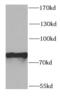 Pentatricopeptide Repeat Domain 3 antibody, FNab06909, FineTest, Western Blot image 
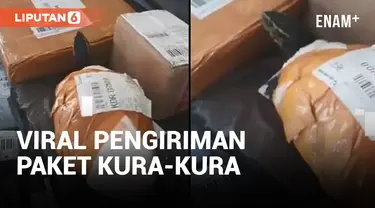 VIRAL PENGIRIMAN PAKET KURA-KURA HANYA DISOLASI DAN DIPAKAIKAN PAMPERS, KOK JAHAT SIH?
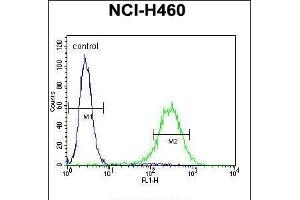 ENPEP Antibody (C-term) (ABIN656026 and ABIN2845400) flow cytometric analysis of NCI- cells (right histogram) compared to a negative control cell (left histogram). (ENPEP 抗体  (C-Term))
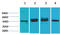 Growth Associated Protein 43 antibody, STJ97396, St John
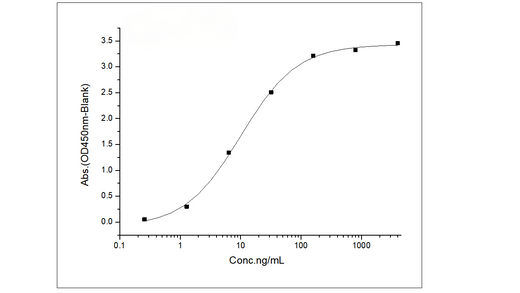 Immobilized Recombinant Human IL13RA2 / IL13R Protein (His & Fc Tag) (Cat: PKSH031658) at 1 μg/mL (100 μL/well) can bind Anti- IL-13 R alpha 2/IL13RA2 antibody, human IgG1, the EC<sub>50</sub> is 4.5-14.0 ng/mL.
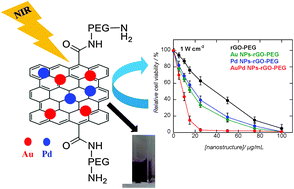 Graphical abstract: Reduced graphene oxide nanosheets decorated with AuPd bimetallic nanoparticles: a multifunctional material for photothermal therapy of cancer cells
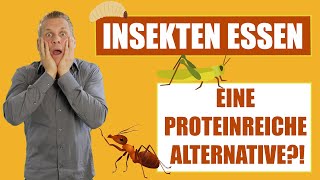 INSEKTEN ESSEN - Eine proteinreiche Alternative?!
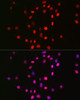 Immunofluorescence analysis of U2OS cells using MonoMethyl-Histone H3-K18 Rabbit mAb at dilution of 1:100 (40x lens). Blue: DAPI for nuclear staining.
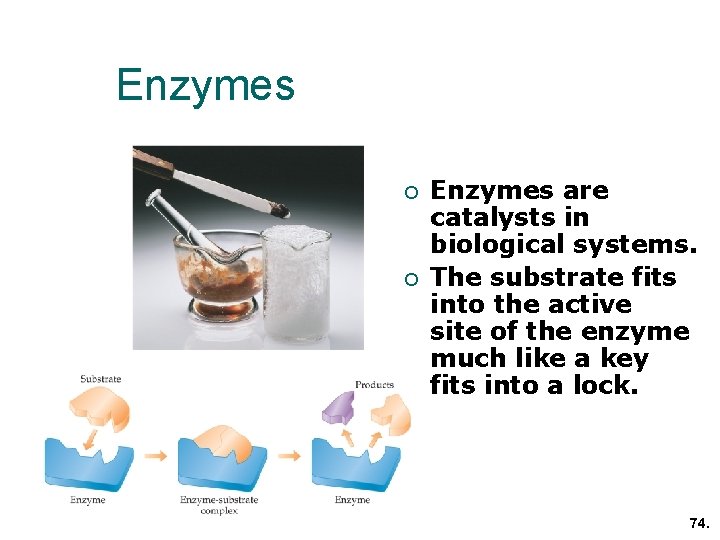Enzymes ¡ ¡ Enzymes are catalysts in biological systems. The substrate fits into the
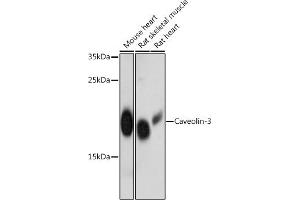 Western blot analysis of extracts of various cell lines, using Caveolin-3 antibody  at 1:3000 dilution. (Caveolin 3 Antikörper  (AA 1-100))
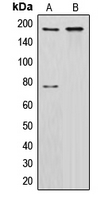 CUX1 / CASP Antibody - Western blot analysis of CUX1 expression in HeLa (A); NIH3T3 (B) whole cell lysates.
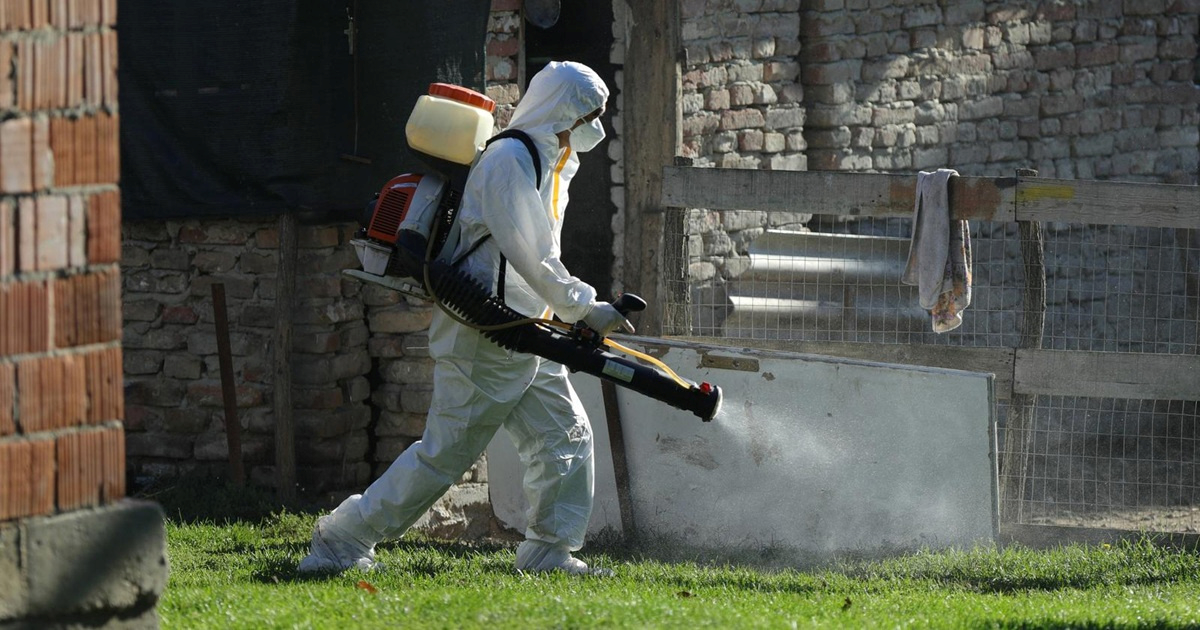 Veterinari upozoravaju: Virus afričke svinjske kuge nije nestao. I dalje prijeti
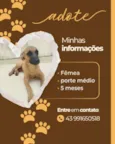Cachorro raça SRD-ViraLata idade 2 a 6 meses nome Manguinha 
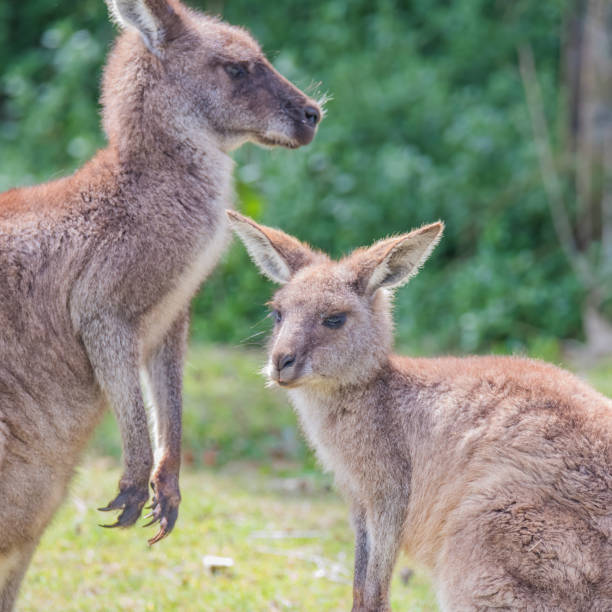 kangaoos grises orientales - parque nacional murramarang fotografías e imágenes de stock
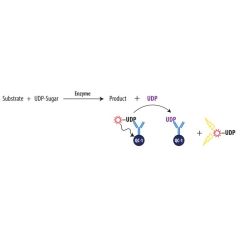 Transcreener UDP2 FI Assay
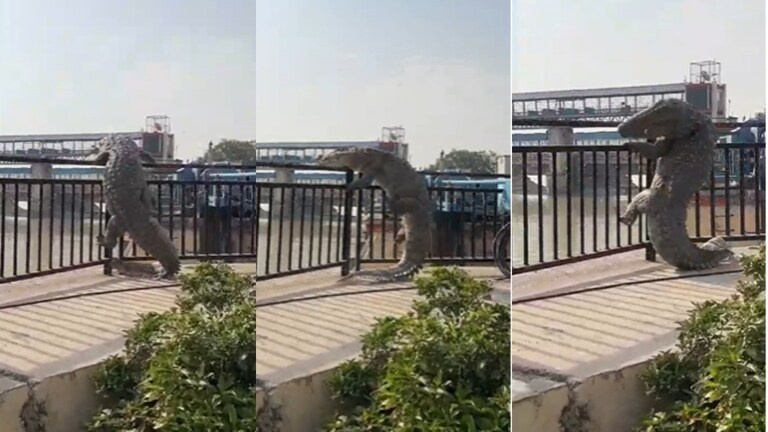 बुलंदशहर : नहर से निकलकर सड़क पर आया विशालकाय मगरमच्छ, दहशत में आ गए राहगीर, देखें वीडियो Bulandshahr Crocodile Viral Video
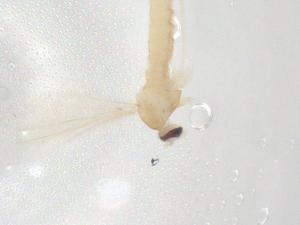  ( - BIOUG93500-A04)  @11 [ ] CreativeCommons - Attribution (2022) Centre for Biodiversity Genomics Centre for Biodiversity Genomics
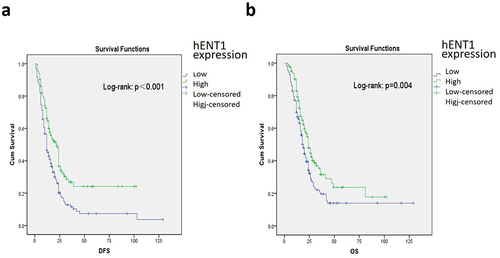 Figure 2 (a) In all patients, high hENT1 expression correlated with longer DFS (p<0.001). (b) In all patients, high hENT1 expression correlated with longer OS (p=0.004).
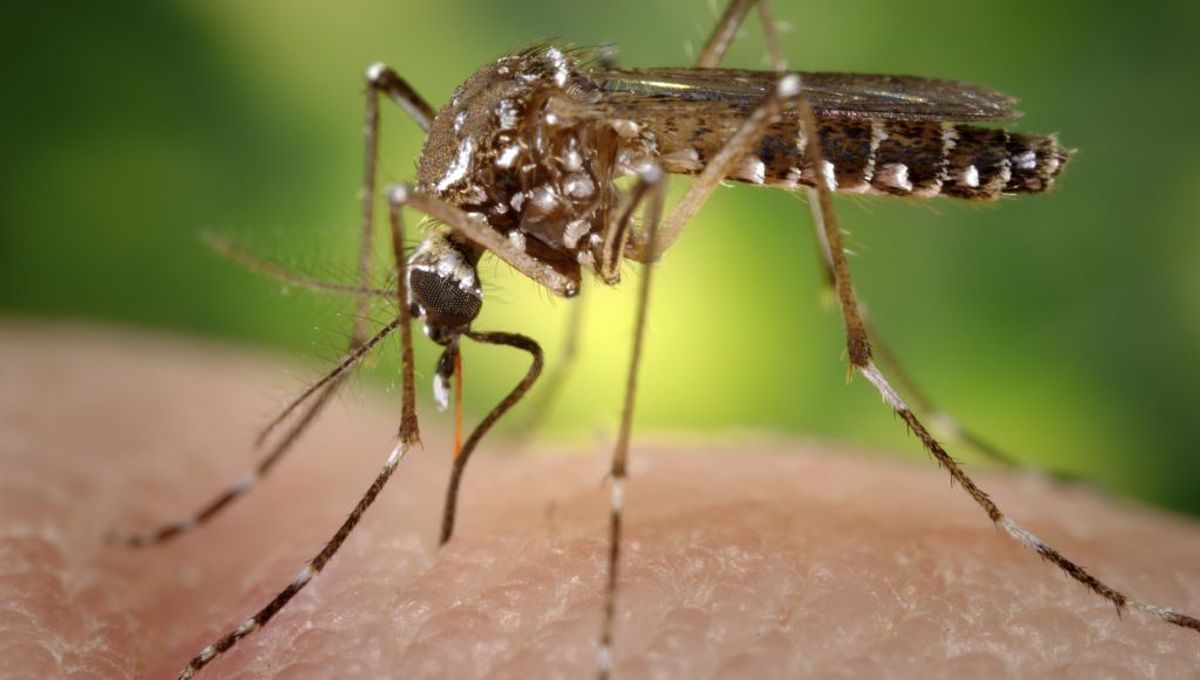 Cache Valley: Emerging Mosquito-Borne Virus in the US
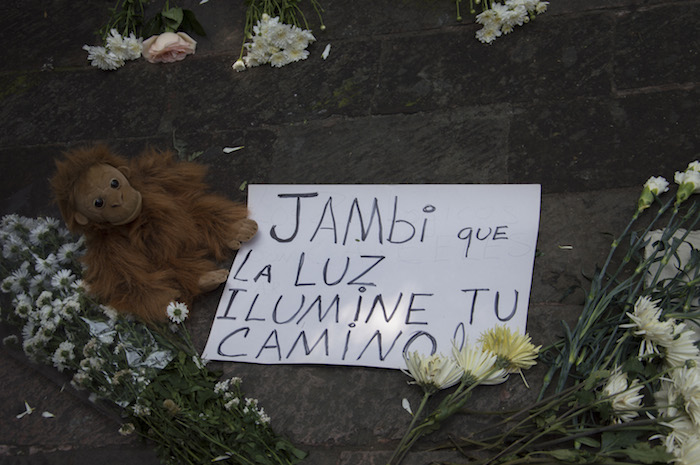 En julio de este año, integrantes del proyecto Gran Simio realizaron una protesta en las inmediaciones del zoológico de Chapultepec en donde colocaron una manta y algunos letreros con las imágenes de animales que han muerto dentro del recinto en años pasados. Foto: Cuartoscuro 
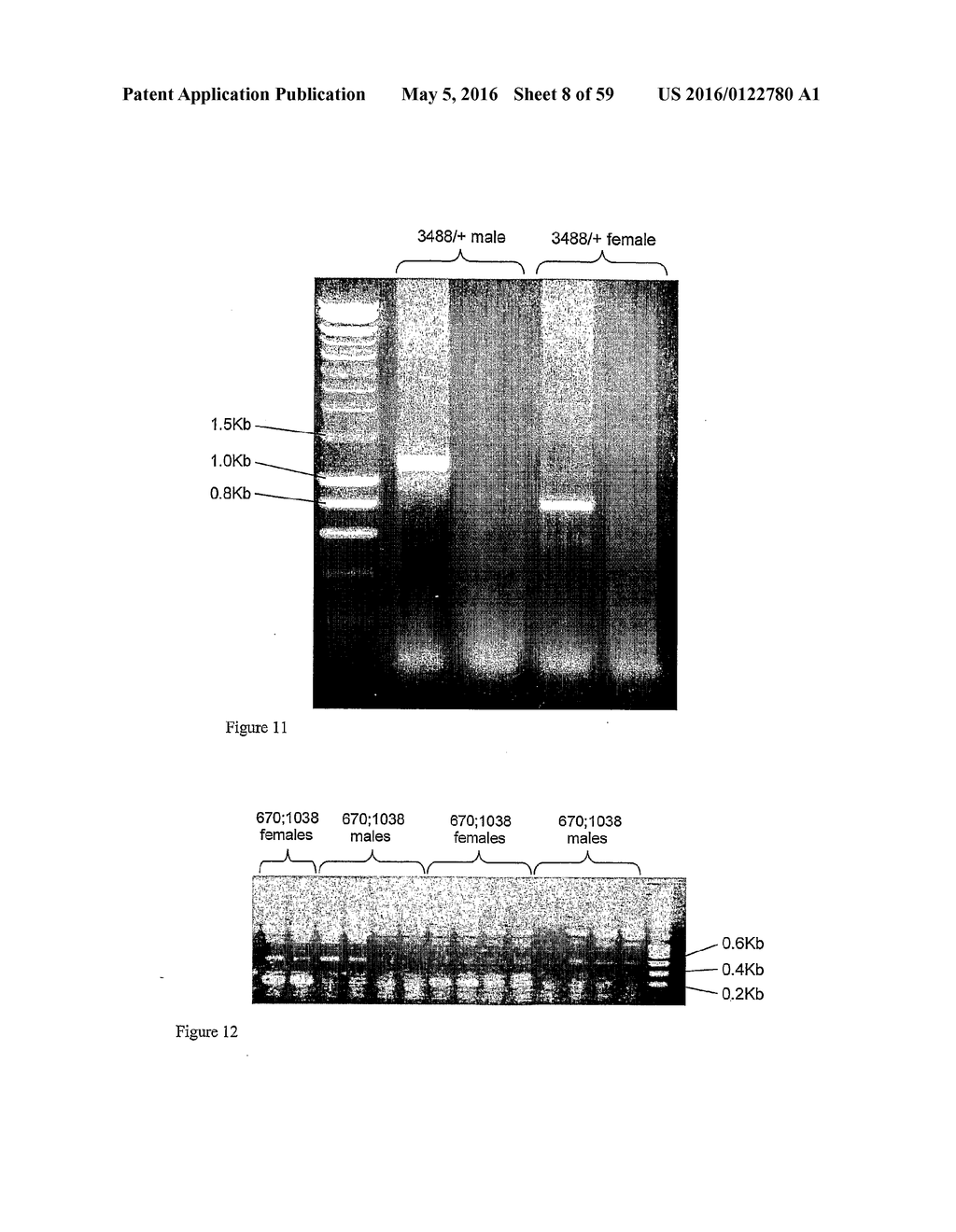 GENE EXPRESSION SYSTEM USING ALTERNATIVE SPLICING IN INSECTS - diagram, schematic, and image 09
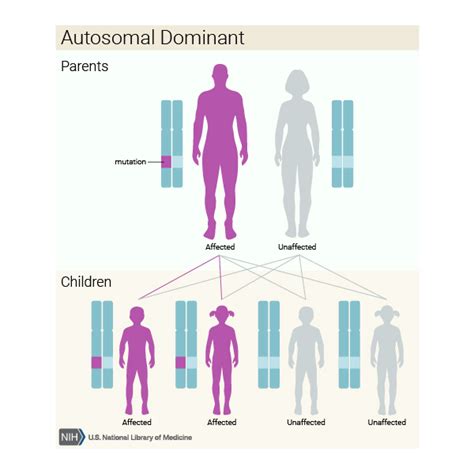 Adcy5 Related Dyskinesia And Mutations In The Adcy5 Gene Symptoms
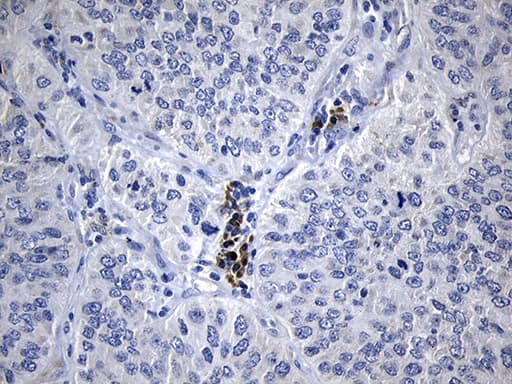 NAF-1 / CISD2 Antibody (clone OTI4F8, Carrier-free)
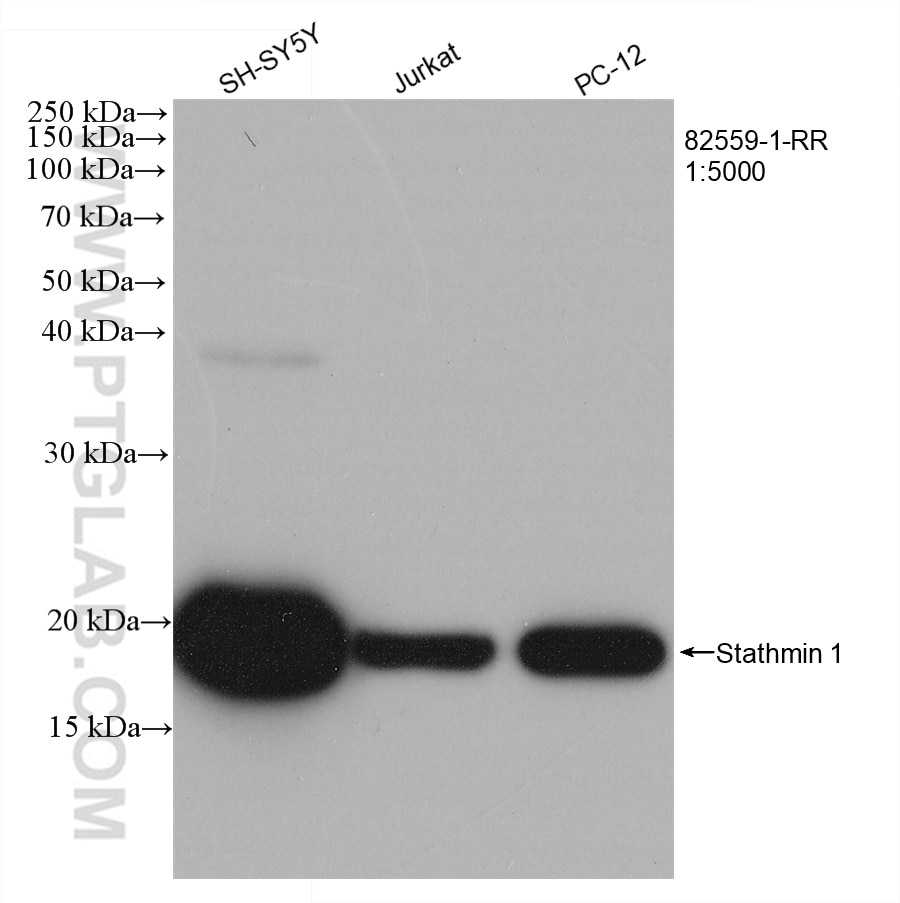Western Blot (WB) analysis of various lysates using Stathmin 1 Recombinant antibody (82559-1-RR)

WHAT IS NEEDED: Using the records above, return verbatim only the part that opens with the line containing "Graphical abstract: Reduced" and closes with the line containing "बुलंदशहर : नहर"; pictures stay out.

REPLY:
 Graphical abstract: Reduced graphene oxide nanosheets decorated with AuPd bimetallic nanoparticles: a multifunctional material for photothermal therapy of cancer cells
 INSEKTEN ESSEN - Eine proteinreiche Alternative?!
 Immunofluorescence analysis of U2OS cells using MonoMethyl-Histone H3-K18 Rabbit mAb at dilution of 1:100 (40x lens). Blue: DAPI for nuclear staining.
Enzymes ¡ ¡ Enzymes are catalysts in biological systems. The substrate fits into the
 Western blot analysis of extracts of various cell lines, using Caveolin-3 antibody  at 1:3000 dilution. (Caveolin 3 Antikörper  (AA 1-100))
 CUX1 / CASP Antibody - Western blot analysis of CUX1 expression in HeLa (A); NIH3T3 (B) whole cell lysates.
 Veterinari upozoravaju: Virus afričke svinjske kuge nije nestao. I dalje prijeti
Cachorro raça SRD-ViraLata idade 2 a 6 meses nome Manguinha 
 kangaoos grises orientales - parque nacional murramarang fotografías e imágenes de stock
 Transcreener UDP2 FI Assay
 बुलंदशहर : नहर से निकलकर सड़क पर आया विशालकाय मगरमच्छ, दहशत में आ गए राहगीर, देखें वीडियो Bulandshahr Crocodile Viral Video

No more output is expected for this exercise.